O urbanista observou que é mais barato adensar ao longo das ferrovias do que levar infra-estrutura para novas áreas periféricas que vão surgindo na medida em que a população de áreas centrais vai sendo expulsa. (MTC/AAN)
Os erros do VLT
Tarifa igual a cobrada no sistema de ônibus urbano
Não havia integração com o sistema de ônibus, o que obrigava os usuários a fazerem longas caminhadas
Por não ter integração, favorecia apenas as pessoas que moravam perto das estações
Não chegava às regiões mais populosas
Tinha capacidade para transportar 72 mil passageiros por dia, mas atendia apenas a 5 mil
Trens transportavam bem menos do que a capacidade
Em 1993, quando começou a operar comercialmente, o VLT tinha 11 estações, três das quais (Curtume, Joaquim Vilac e Bonfim) jamais foram abertas. Para ser lucrativo, precisava transportar 100 mil passageiros por dia, mas não chegou a cinco mil, segundo os cálculos feitos à época pela Fepasa. O sistema tinha uma receita mensal - em 1995, último ano de operação - de R$ 60 mil e uma despesa de R$ 760 mil mensais para funcionar em apenas 7,8km.
Ele começou a operar sobre a antiga linha métrica da Sorocabana em novembro de 1990, ligando as estações Barão de Itapura a Aurélia. Em março de 1991, o VLT chegou até a Vila Teixeira. A Fepasa, dona do sistema, contratou a empreiteira Mendes Júnior para a operação da linha que funcionou gratuitamente até 1993 e somente pelas manhãs.

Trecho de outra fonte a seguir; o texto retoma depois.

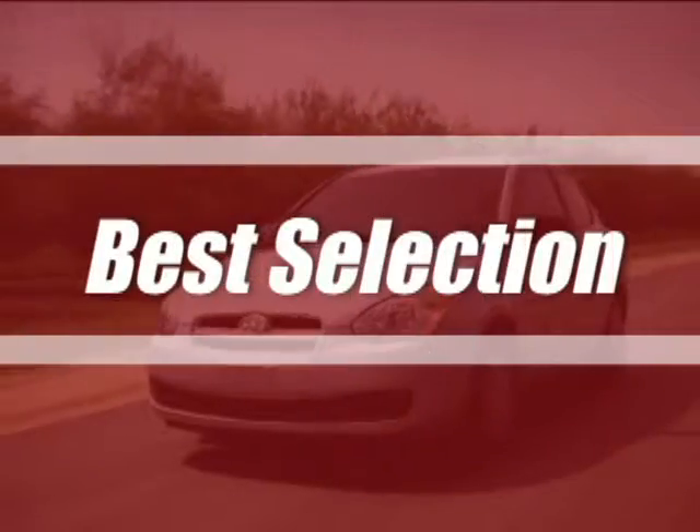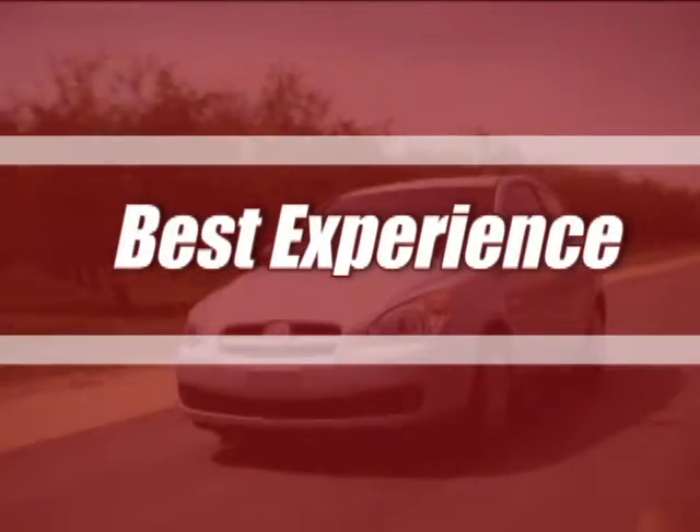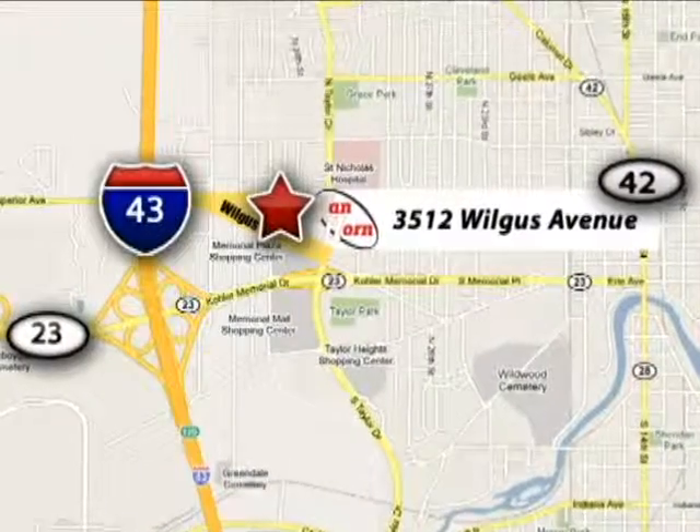Van Horn Hyundai has offered the best selection, best service, and the best experience in Southeastern Wisconsin. We're conveniently located at 3512 Wilgus Avenue in Sheboygan, Wisconsin.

Em 1993, foi instituído o transporte diário das 6h às 21h, com a mesma tarifa do ônibus (CR$ 10,5 mil, na época) e os passageiros que já eram pouco (5 mil por dia), fugiram do sistema, fazendo cair para 3 mil passageiros diários. Isso fez com que a Prefeitura tivesse que subsidiar o sistema em US$ 200 mil mensais. Mesmo a integração com as linhas de ônibus, instituídas em 1994, não fizeram aumentar o faturamento, que fez com que, nesse mesmo ano, o VLT fosse desativado e tudo fosse abandonado e parte roubado. Algumas estações projetadas no meio do percurso, como Bonfim, Joaquim Vilac e Curtume jamais foram abertas. O trecho adicional, que deveria se estender pelo antigo leito da Mogiana, jamais foi construído.
Hoje o que resta é um conjunto de estações, como a Campos Elíseos, Vila Pompéia e Parque Industrial completamente depredadas, preocupando a vizinhança já que os espaços acabam se tornando lugar ideal para o tráfico de drogas.